China is now actively recruiting those that have been trained and working in the U.S. to go back to China, much like Taiwan did about 10-15 years ago. Why? Because these people have the kind of training, experience, skill set and mindset and network of contacts of value to China. When China completes their reform of the securities market and open up the venture capital market and make the Renminbi convertible, the trickle of people returning to China to live and work there would become a torrent.
Opportunities in Silicon Valley are also growing for the bicultural person as well. For every new ethnic shopping center that opens means more jobs from chefs and waiters to clerks and shop owners to managers and small business operators.
The venture capital industry used to be virtually an all white business. Thanks to more and more high tech companies successfully started up by Chinese American and other Asian American entrepreneurs, the VC firms now realized that they are the ones missing out on deal flow if they do not have some partners who can interact with the Asian American founders.

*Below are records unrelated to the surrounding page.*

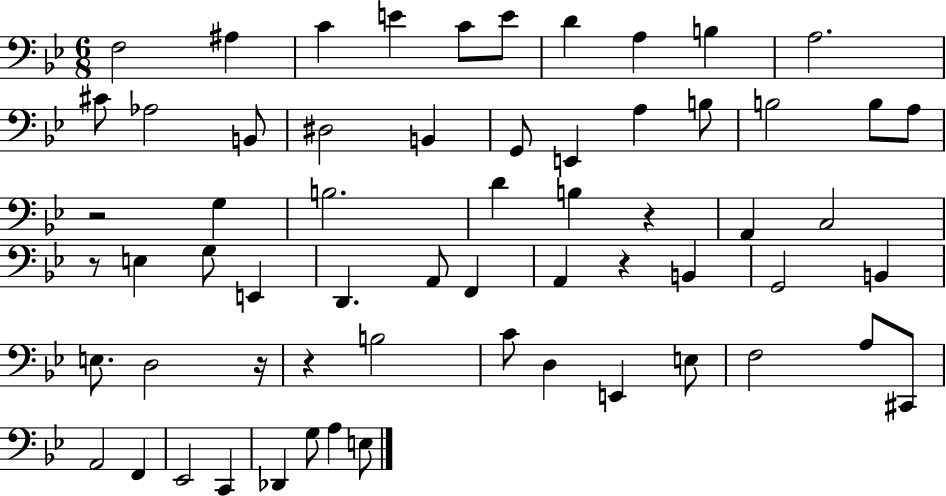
{
  \clef bass
  \numericTimeSignature
  \time 6/8
  \key bes \major
  f2 ais4 | c'4 e'4 c'8 e'8 | d'4 a4 b4 | a2. | \break cis'8 aes2 b,8 | dis2 b,4 | g,8 e,4 a4 b8 | b2 b8 a8 | \break r2 g4 | b2. | d'4 b4 r4 | a,4 c2 | \break r8 e4 g8 e,4 | d,4. a,8 f,4 | a,4 r4 b,4 | g,2 b,4 | \break e8. d2 r16 | r4 b2 | c'8 d4 e,4 e8 | f2 a8 cis,8 | \break a,2 f,4 | ees,2 c,4 | des,4 g8 a4 e8 | \bar "|."
}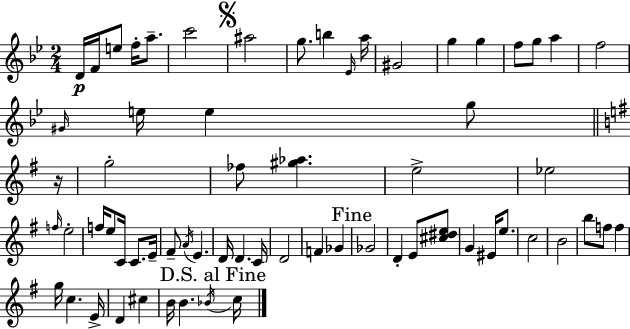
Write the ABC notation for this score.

X:1
T:Untitled
M:2/4
L:1/4
K:Bb
D/4 F/4 e/2 f/4 a/2 c'2 ^a2 g/2 b _E/4 a/4 ^G2 g g f/2 g/2 a f2 ^G/4 e/4 e g/2 z/4 g2 _f/2 [^g_a] e2 _e2 f/4 e2 f/4 e/2 C/4 C/2 E/4 ^F/2 A/4 E D/4 D C/4 D2 F _G _G2 D E/2 [^c^de]/2 G ^E/4 e/2 c2 B2 b/2 f/2 f g/4 c E/4 D ^c B/4 B _B/4 c/4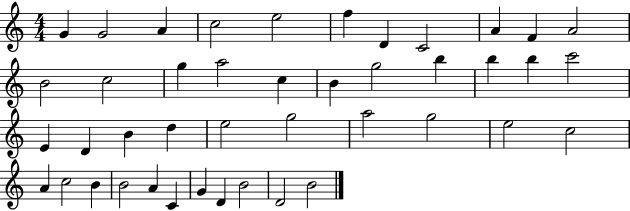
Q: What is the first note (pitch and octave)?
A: G4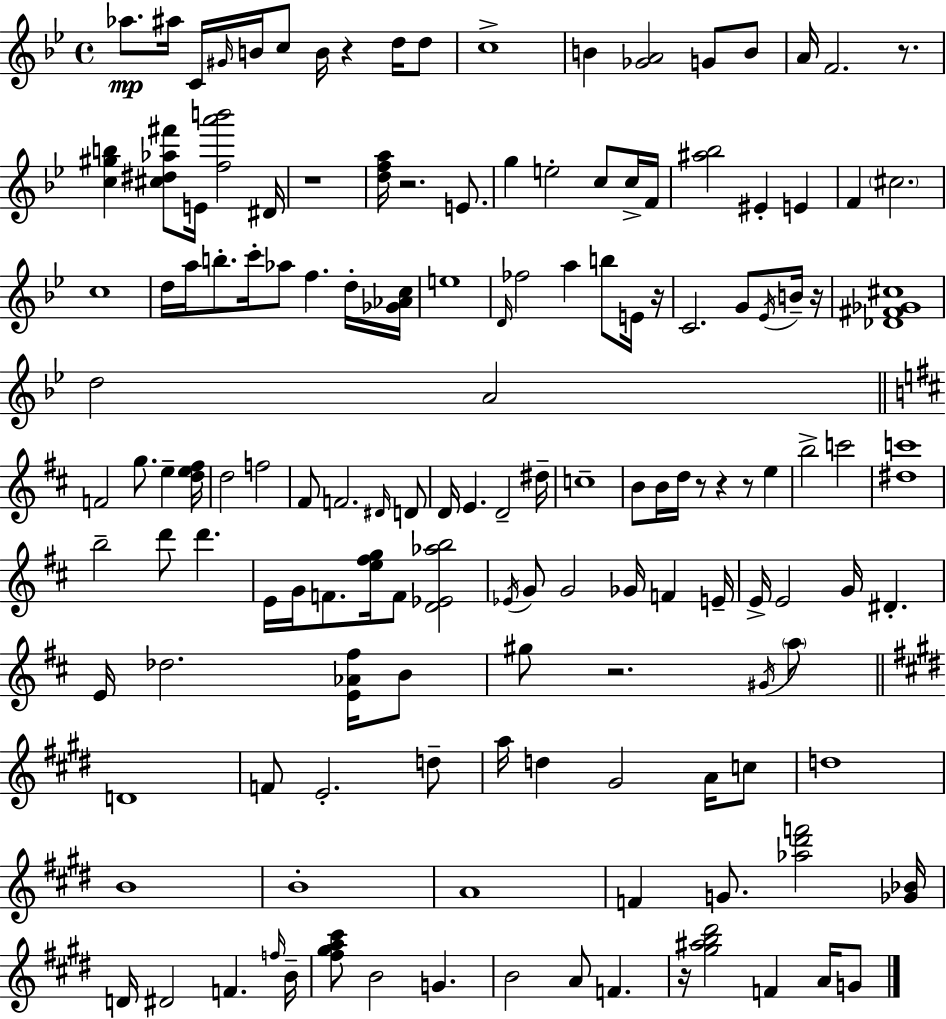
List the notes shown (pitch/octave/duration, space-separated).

Ab5/e. A#5/s C4/s G#4/s B4/s C5/e B4/s R/q D5/s D5/e C5/w B4/q [Gb4,A4]/h G4/e B4/e A4/s F4/h. R/e. [C5,G#5,B5]/q [C#5,D#5,Ab5,F#6]/e E4/s [F5,A6,B6]/h D#4/s R/w [D5,F5,A5]/s R/h. E4/e. G5/q E5/h C5/e C5/s F4/s [A#5,Bb5]/h EIS4/q E4/q F4/q C#5/h. C5/w D5/s A5/s B5/e. C6/s Ab5/e F5/q. D5/s [Gb4,Ab4,C5]/s E5/w D4/s FES5/h A5/q B5/e E4/s R/s C4/h. G4/e Eb4/s B4/s R/s [Db4,F#4,Gb4,C#5]/w D5/h A4/h F4/h G5/e. E5/q [D5,E5,F#5]/s D5/h F5/h F#4/e F4/h. D#4/s D4/e D4/s E4/q. D4/h D#5/s C5/w B4/e B4/s D5/s R/e R/q R/e E5/q B5/h C6/h [D#5,C6]/w B5/h D6/e D6/q. E4/s G4/s F4/e. [E5,F#5,G5]/s F4/e [D4,Eb4,Ab5,B5]/h Eb4/s G4/e G4/h Gb4/s F4/q E4/s E4/s E4/h G4/s D#4/q. E4/s Db5/h. [E4,Ab4,F#5]/s B4/e G#5/e R/h. G#4/s A5/e D4/w F4/e E4/h. D5/e A5/s D5/q G#4/h A4/s C5/e D5/w B4/w B4/w A4/w F4/q G4/e. [Ab5,D#6,F6]/h [Gb4,Bb4]/s D4/s D#4/h F4/q. F5/s B4/s [F#5,G#5,A5,C#6]/e B4/h G4/q. B4/h A4/e F4/q. R/s [G#5,A#5,B5,D#6]/h F4/q A4/s G4/e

Same with us here at Deloitte & Touche. We recognize the opportunity to serve increasing number of companies founded by Chinese American entrepreneurs as well as companies coming to Silicon Valley from China, Hong Kong and Taiwan. Thus we have formed Chinese Services Group with bi-lingual and bi-cultural members to provide an array of services.
My friends, we are facing tough tough times right now. When it’s the gloomiest, it’s most difficult to see the light at the end of the tunnel. But inevitably the economy will turn the corner. The long-term future for Silicon Valley, for China and for those of us that can live and work in both environments is bright and exciting. I wish all of you the best for the coming era, an era where multiculturalism and multilateralism will triumph.